SIMULATING PAYMENT SYSTEMS BY AGENT BASED MODELING
A promising way to introduce endogeneity in payment system analysis and at the same time to reproduce the complexity that microfounded models are not able to tackle is by employing Agent Based Models (ABM).
In fact, Agent Based Modeling allows for the presence of multiple agents, to whom behavioural rules are assigned. These decisional rules can determine behaviours both in isolation as well as in interaction with other agents; they can depend either on agent’s characteristics and being periodically activated or on the prevailing market conditions and being triggered according to the evolution of some market variables (e.g., the imbalance on the own cash account, the interest rate dynamic, and so on). The interactions of different agents determine the market conditions, which in turn will affect the subsequent behaviour of the agents. In applying ABM to the payment system, it is possible to assign behavioural rules also in the field of liquidity management, defining the way agents choose liquidity sources as well as the lending or borrowing timing and conditions. Agent Based Models allow therefore to endogenise the liquidity issue in simulations.Although the ABM literature dealing with the payment systems is still scarce, the few contributions produced so far show that there are several fields where ABM may prove to be able to be a useful simulation tool for payment system analysis, which allows for an endogenous liquidity management8.
First, ABM may be used in payment system analysis to deepen the understanding of the funding strategies in an RTGS system as well as well as to evaluate the system’s efficiency: Galbiati and Soramaki (2011) analyse the trade off that treasurers face whenever the alternation of in- and outflows makes their cash balances insufficient to settle immediately the due amounts9.

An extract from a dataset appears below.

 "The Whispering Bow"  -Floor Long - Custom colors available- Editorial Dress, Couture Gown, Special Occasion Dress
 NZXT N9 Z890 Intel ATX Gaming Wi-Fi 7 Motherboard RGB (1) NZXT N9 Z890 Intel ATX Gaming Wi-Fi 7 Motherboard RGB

Banks have to choose between borrowing liquidity or queuing payments, waiting for incoming funds. In both cases, agents bear costs: if they borrow money, they have to pay interests on their loan, if they delay payments, they have to face indirect delay costs arising from the loss of reputation or explicit penalties applied by their counterparties. Since the delay of a participant may cause a liquidity problem of its counterparty, simulations allow to discover the interactions of such individualist strategies that are strictly interconnected one to another. Agent Based Modeling allows in this case to endow participants with behavioural rules that determine their choice between turning to an external liquidity provision or queuing and waiting for internal liquidity to arrive.The simulations rely on a cost function, which provides the overall cost borne by the bank for each level of externally borrowed liquidity. It is assumed that the participant can opt only once a day for external liquidity, namely at the beginning of the day, so that before the onset of the settlement process, it has to decide how much funds it wants to raise. The overall bank’s cost is, therefore, given by the penalties for delays as well as by the cost of raising external liquidity at the beginning of the day. Rather than taking each day as a separate experience, a repeated game is introduced in which the daily initial level of liquidity chosen by each bank depends on its expectations of the others market participants’ choice (fictitious play).

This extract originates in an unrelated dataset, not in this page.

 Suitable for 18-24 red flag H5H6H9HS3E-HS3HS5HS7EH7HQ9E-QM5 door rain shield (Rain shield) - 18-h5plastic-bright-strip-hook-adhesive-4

The authors find out that for intermediate levels of unit delay costs, the aggregate external liquidity level in equilibrium is lower than the optimal one. The inefficiency of the system results from its comparison with a social optimal equilibrium, where agents minimise the total social costs of all market participants instead of their own one. An inefficient level of liquidity absorption seems to be caused by relative low delay cost per each unit of liquidity in comparison to the cost of external liquidity, which fosters free-riding and determines a suboptimal funding of external liquidity.
For those critical levels of unit delay costs the authors investigate whether in a smaller and simpler network, greater efficiency can be expected. A proportional increase of system’s size (total value of payments) and complexity (number of participants) determines an efficiency reduction: it is speculated that since the internal liquidity sources are more variable and therefore, less reliable, agents recur to higher levels of external liquidity per payment. A decrease in the number of participants, while keeping the system’s size constant, would increase the efficiency even more, since the liquidity provision would benefit from ‘liquidity pooling’ effects.
Secondly, ABM can be employed to draw lessons to shape the design of Large Value Payment System. ABM can, in fact, facilitate the evaluation of the either new policies’ or functioning rules’ effects that directly involve or have impacts on the participants’ endogenous funding decisions, since it allows to assess their impact on the functioning of the system and on the participant’s behaviour. The policy maker can therefore test second round effects, which might arise from market participants’ behaviours interaction and which otherwise might be difficult to gauge in advance.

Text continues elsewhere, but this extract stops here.